SURREAL SATURDAY: Organic produce, protest rally in downtown Edmonton
That’s the obvious joke after attending the City Market’s winter season opening inside our city’s headquarters. The next step will be to use all that space and natural light for a hydroponic greenhouse to raise money for the new arena. Home grown.
Open markets have been around for thousands of years, but it seems Westerners have needed to reinvent the concept. It’s something of an urban ordeal right now, a confounding experience where you often wind up with a sack of purple kale and lemon pepper humus, but nothing to make for dinner so you’re forced to make a quick trip to Wal-Mart. Some people clearly need to learn some new shopping techniques, and farmer’s markets have a long way to go. But based on their growing popularity in Edmonton, there’s nowhere to go but up – and there’s a good habitat for mushroom growing in the City Hall council chambers upstairs.
Nice timing, by the way. Saturday, Oct. 15 was also day of the “Occupy Edmonton” rally just a few metres south in Churchill Square.

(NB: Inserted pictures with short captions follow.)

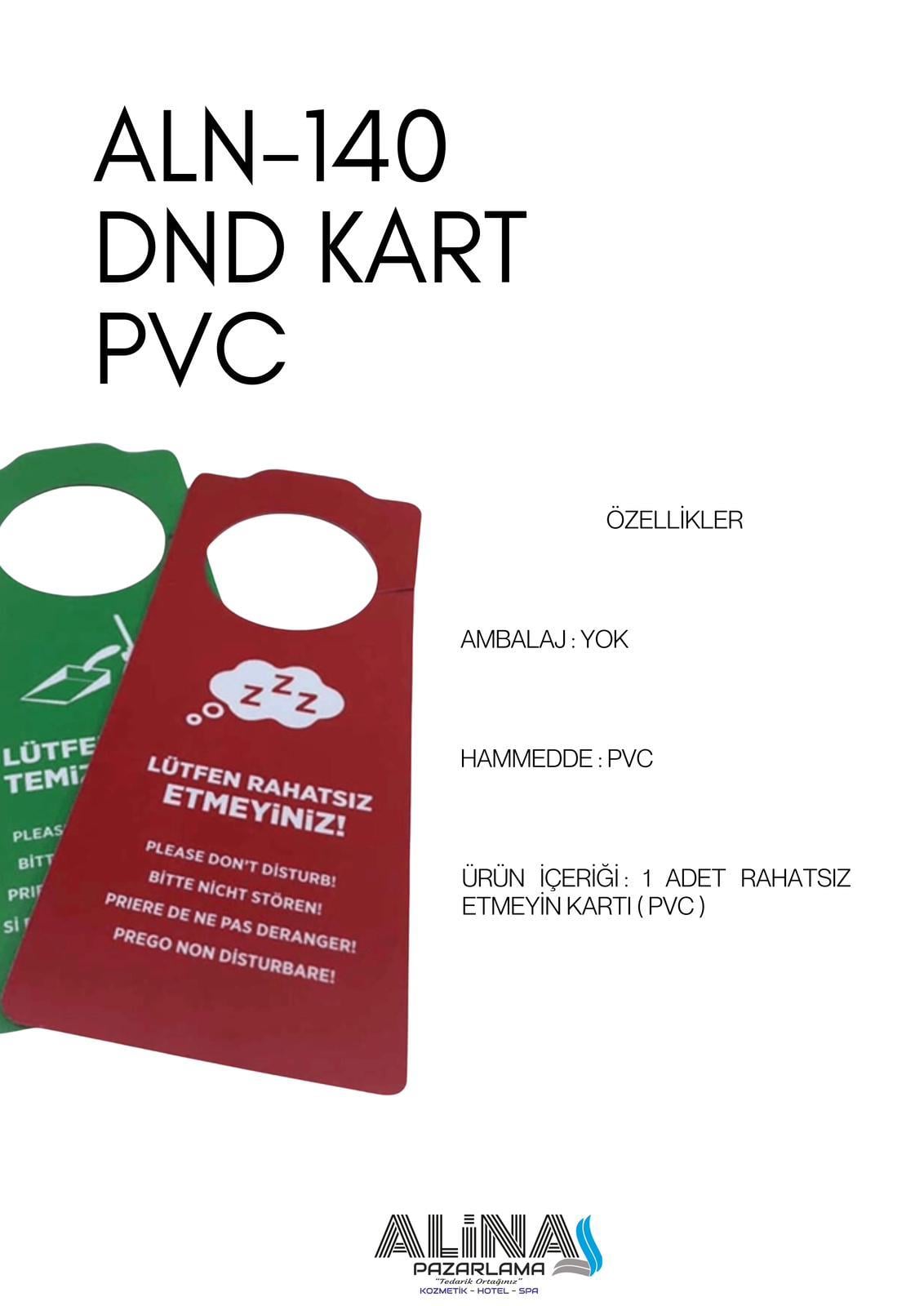 Otel Kapı Kartı Plastik DND ALN140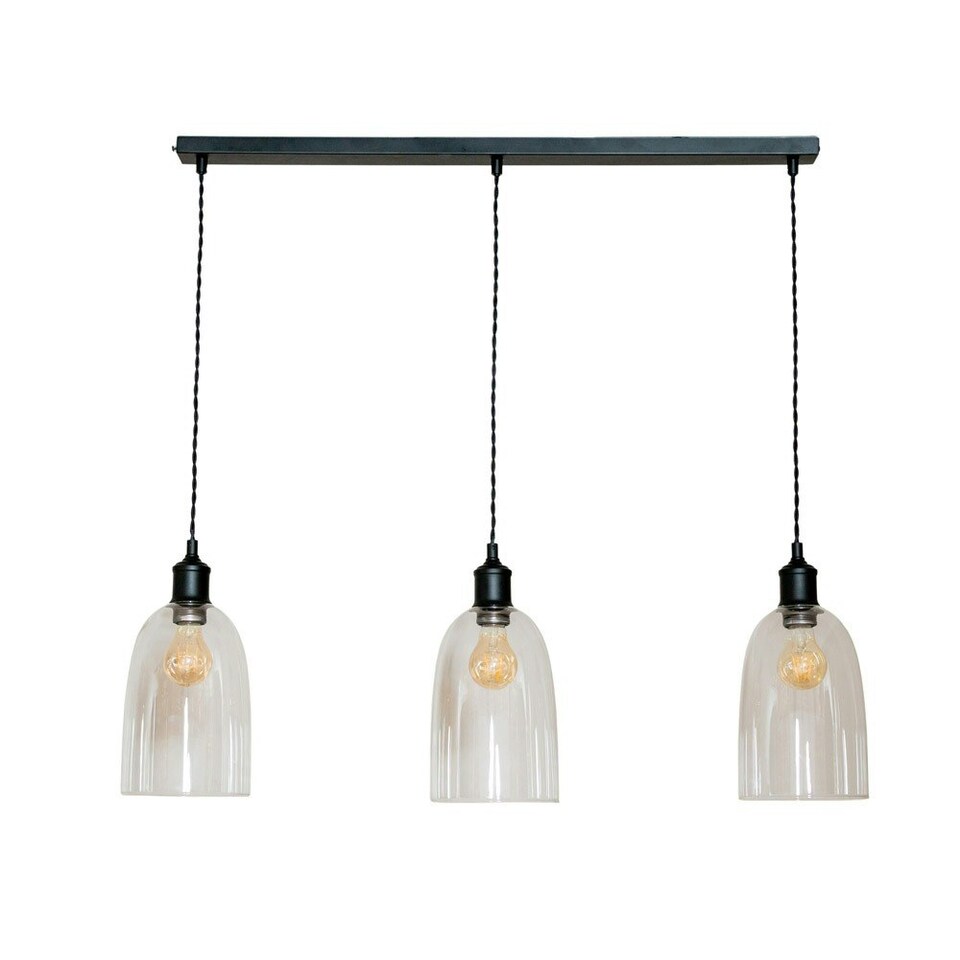 image 1 of ValueLights Kira Glass Cloche Dome 3 Drop Bar Matte Black Diner Ceiling Pendant Light Black
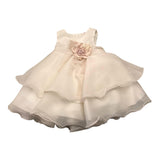 Mimilu‘ Festliches Kleid mit Armlöchern in einfarbiger Farbe mit rosa Gürtel für Baby-Mädchen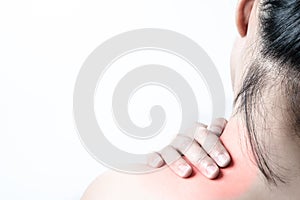 Closeup women neck and shoulder pain/injury with red highlights on pain area with white background, healthcare and medical concept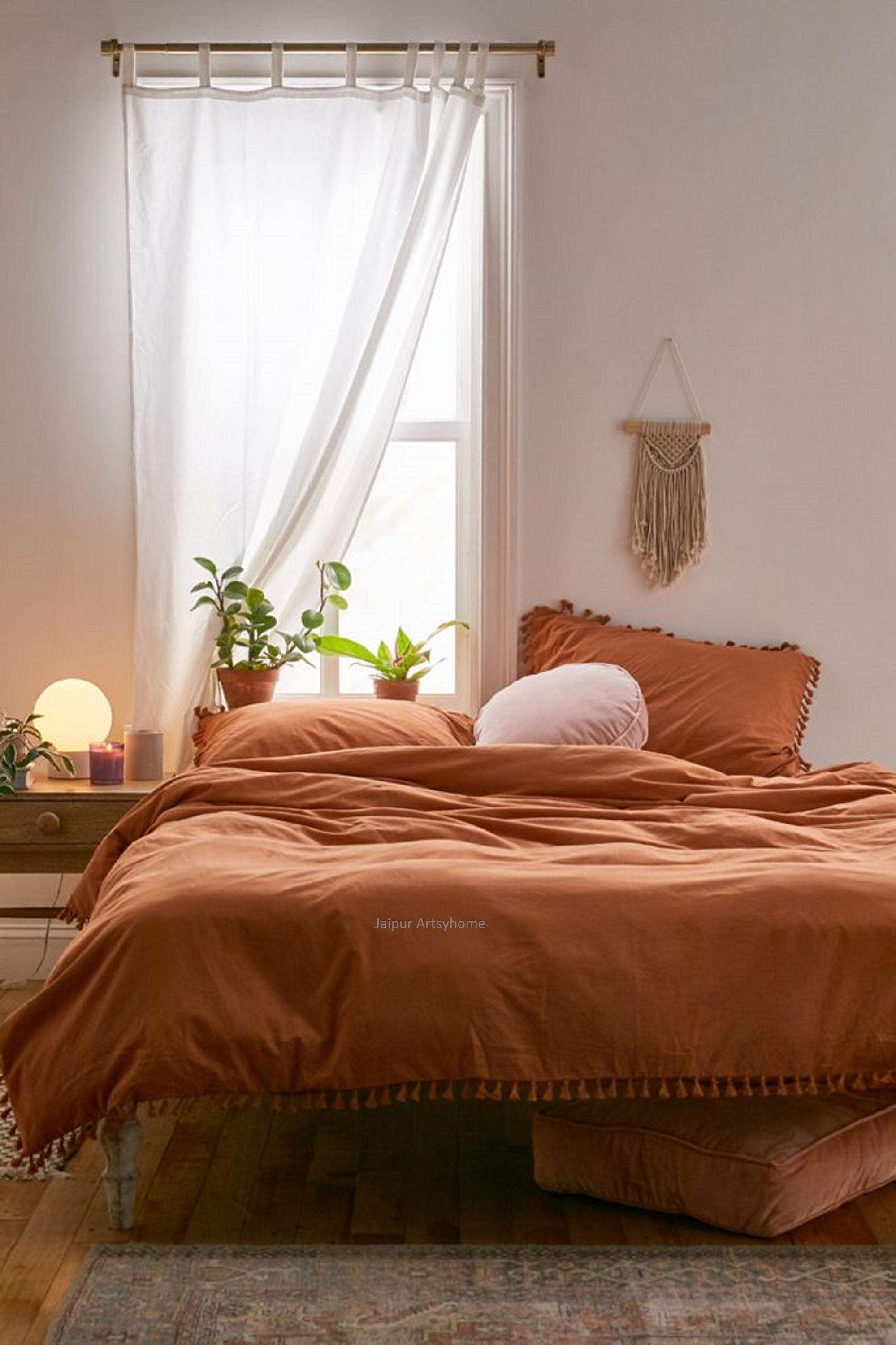 Rust Orange Duvet Cover Boho Bedding 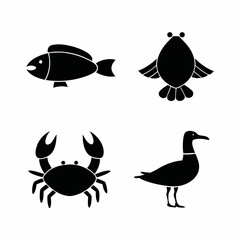Sea Animals icon silhouette vector illustration
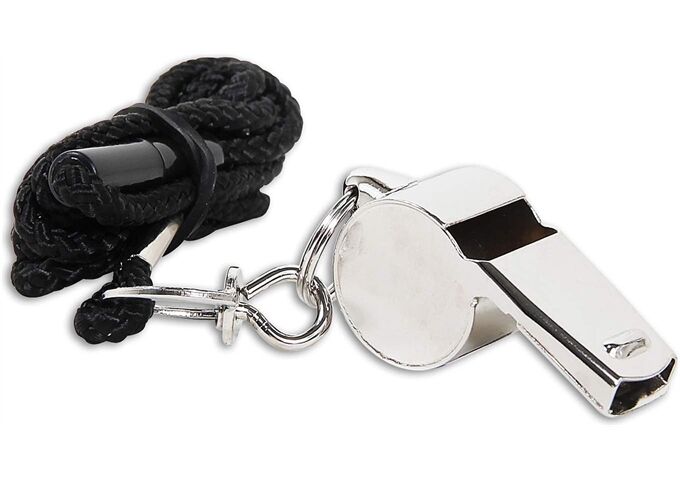 New Sports Schiedsrichterpfeife, Metall, ca, 16,5x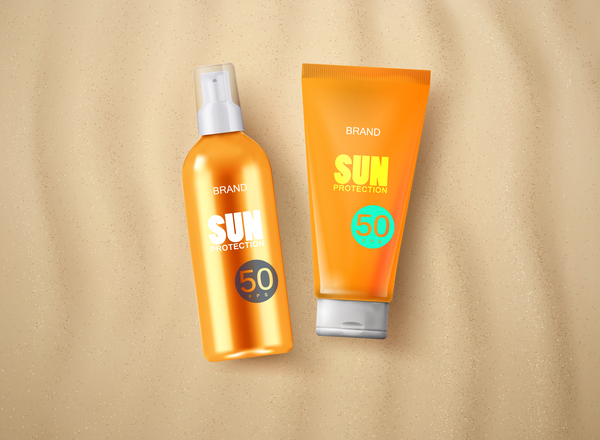 Sun potection cosmetics advertising poster vector 01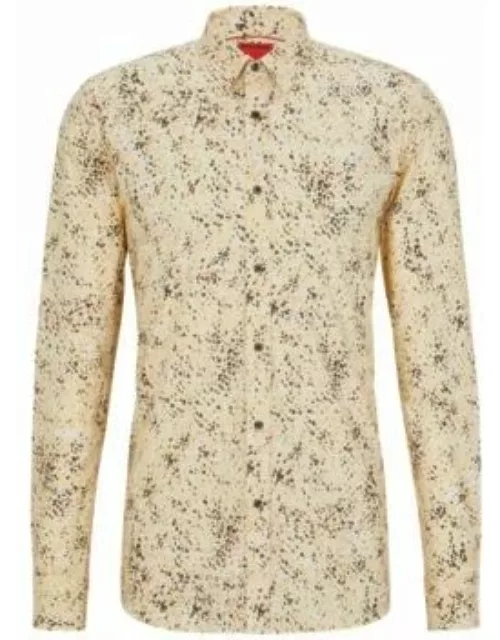 Extra-slim-fit shirt in Dalmatian-print stretch cotton- Light Beige Men's Shirt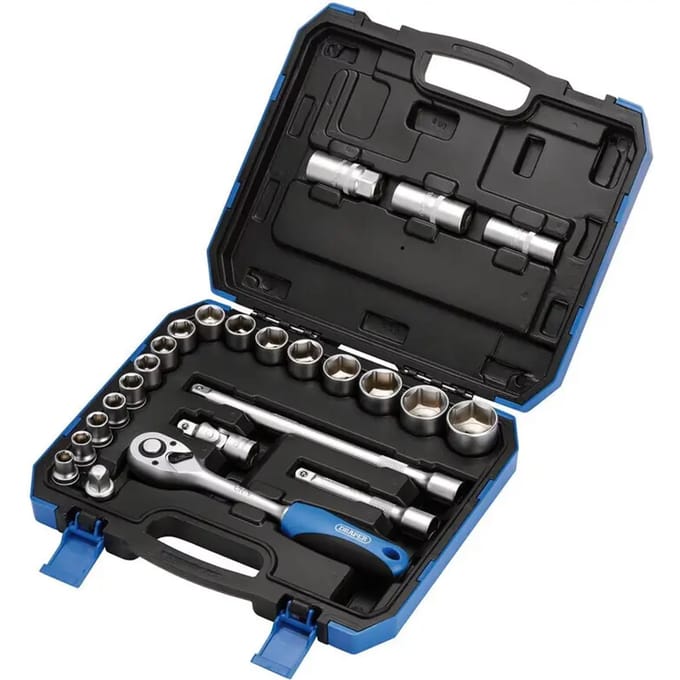 Draper 1/2" Doppenset met ratel en gloeibougiedoppen, 24-delig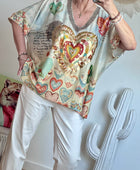 Haut oversize cœurs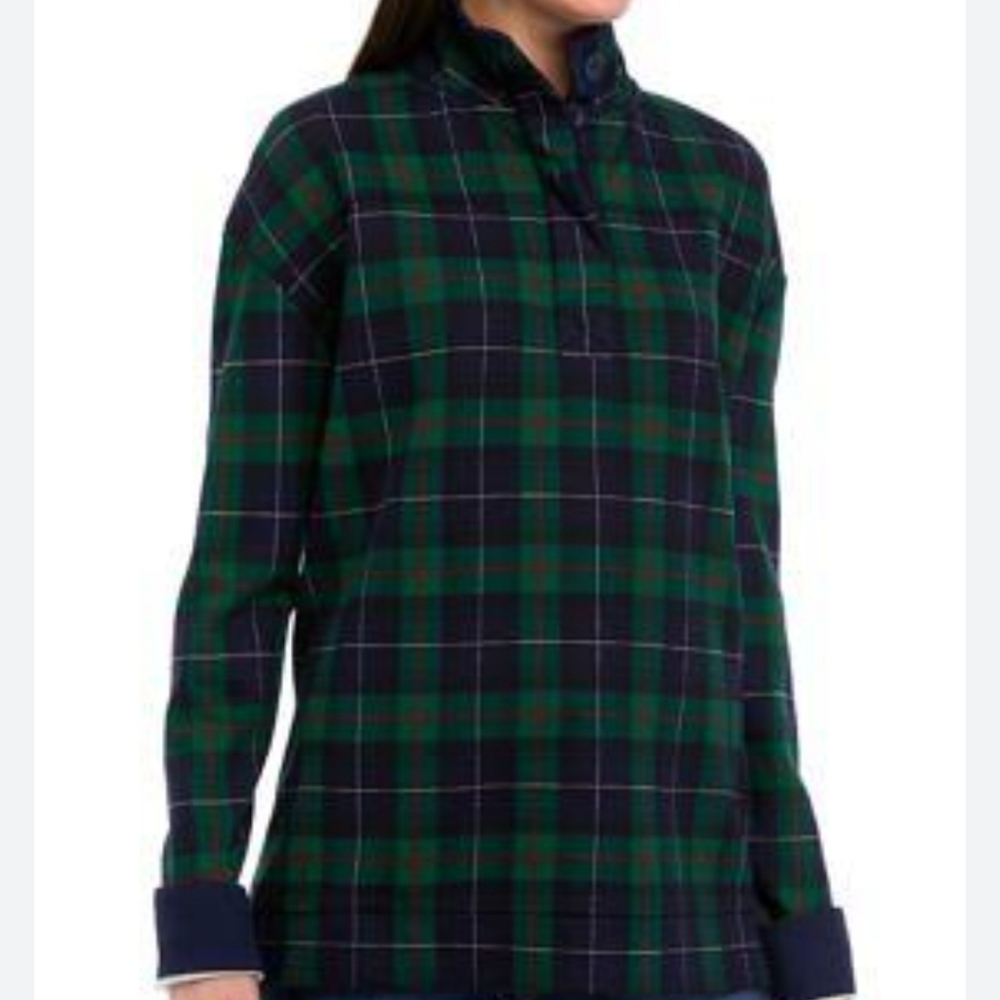 Crown & Ivy winter plaid blue green plaid quarter zip sweatshirt sz XXL WT267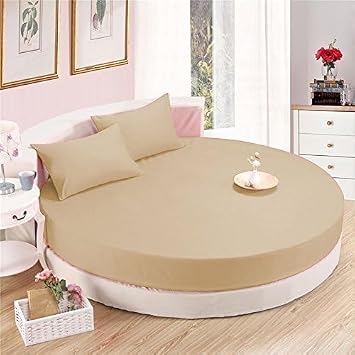 Luxury 800 TC Pima Cotton Round Bed Sheet Set with 17-Inch Deep Pockets - Premium Comfort and Quality in 96" inches Diameter, Elegant Beige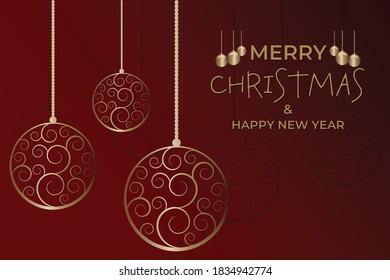 Shiny Christmas Ornaments With A Red Background - Merry Christmas - vector eps10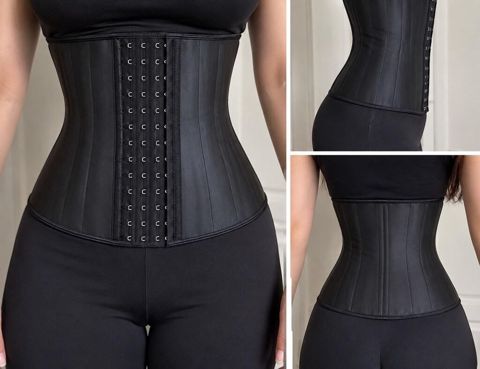 Qadınlar üçün bel formalaşdıran korset - Rəng: qara - Material — Women's clothing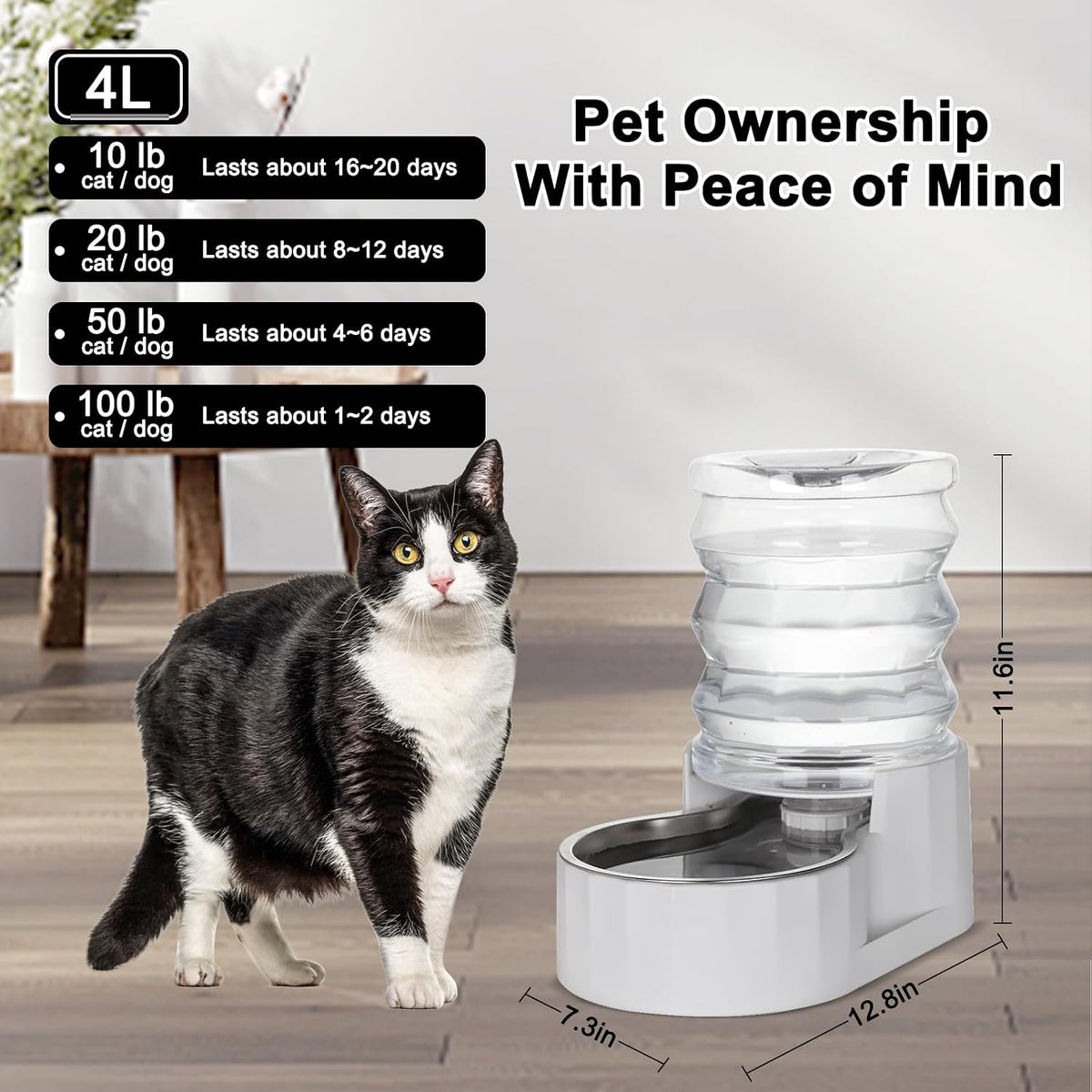 RIZZARI 8L Elevated Dog Water Dispenser: Gravity Waterer for Large - White / 4L without Filter - image 2
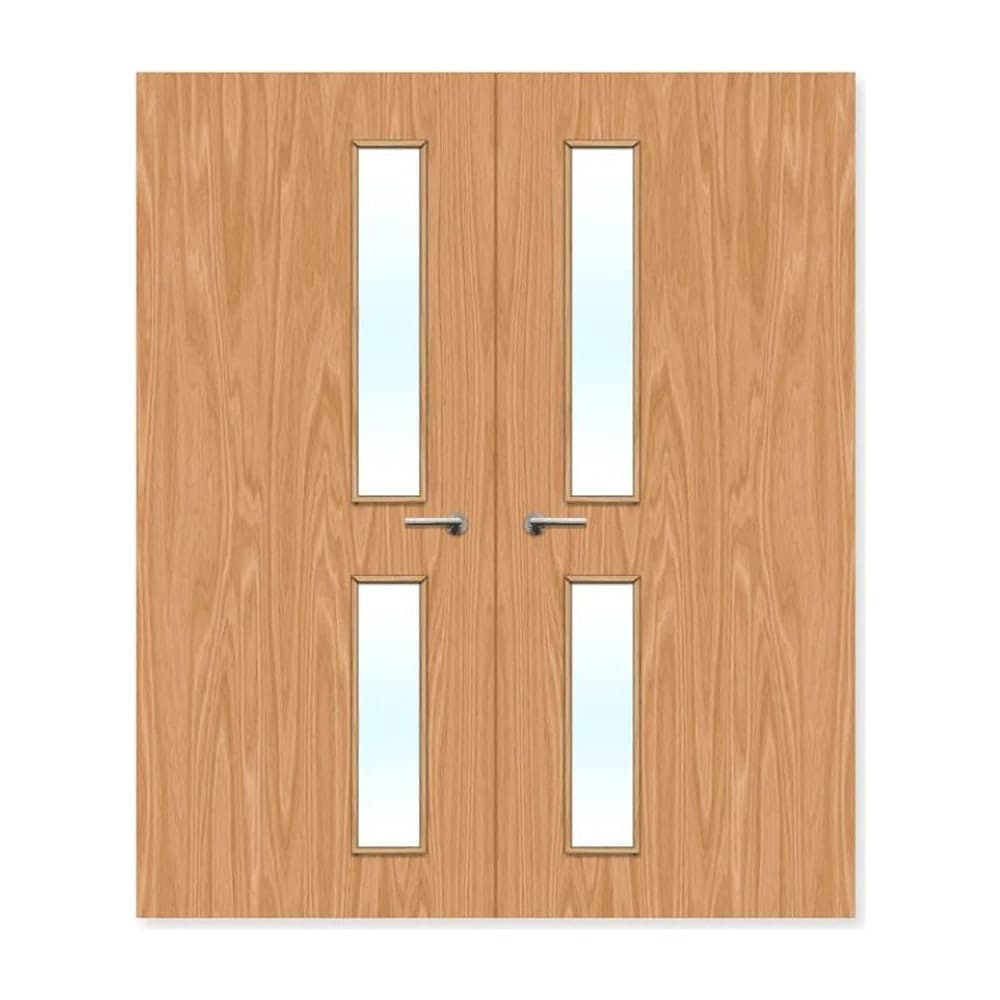 FDR 16G Bespoke Internal Plywood Paint Grade Glazed Double FD30 Fire Doors — alternate view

Hundreds, thousands, millions of Edmontonians turned up at the crack of noon to protest nothing in particular – except for that small matter of corporate greed making life a living hell for 99% of the people on the planet.
It was a lovely day to “Occupy Edmonton” on this particular Surreal Saturday. Laden with locally-produced organic flax cookies, elk jerky, pumpkin cupcakes, goatbread, free range blueberries, herbal mead, Nepalese momo, purple carrots and an empty wallet, we proceeded from the bustling City Market to the protest rally in time to hear Saddle Lake college instructor Vincent Steinhauer deliver the best line of the day. He was talking about stolen aboriginal land and was about to give a traditional native prayer. “I’m not going to ask you to bow your heads and close your eyes,” he said, “because every time we’ve been told to bow our heads and close our eyes things have been taken from us.”
It’s a good guess that none of the Occupy rallies in other cities had farmer’s markets within short marching distance – right under their noses! Because this, dear readers, is the answer to the problem: Farmer’s markets! Make all commerce local, all produce homegrown, all economy a community economy. Sure, your kids will have to play with wooden toys at Christmas, but just think of the fun when you take up whittling. Seriously, if we’re all so pissed off at corporations, STOP SHOPPING AT WAL-MART! Shop at the farmer’s market instead. Just spitballing here.
The City Market runs every Saturday from 10 a.m. to 3 p.m. inside City Hall until May. The Occupy Edmonton rally may be a one-time thing. It’s getting cold out there.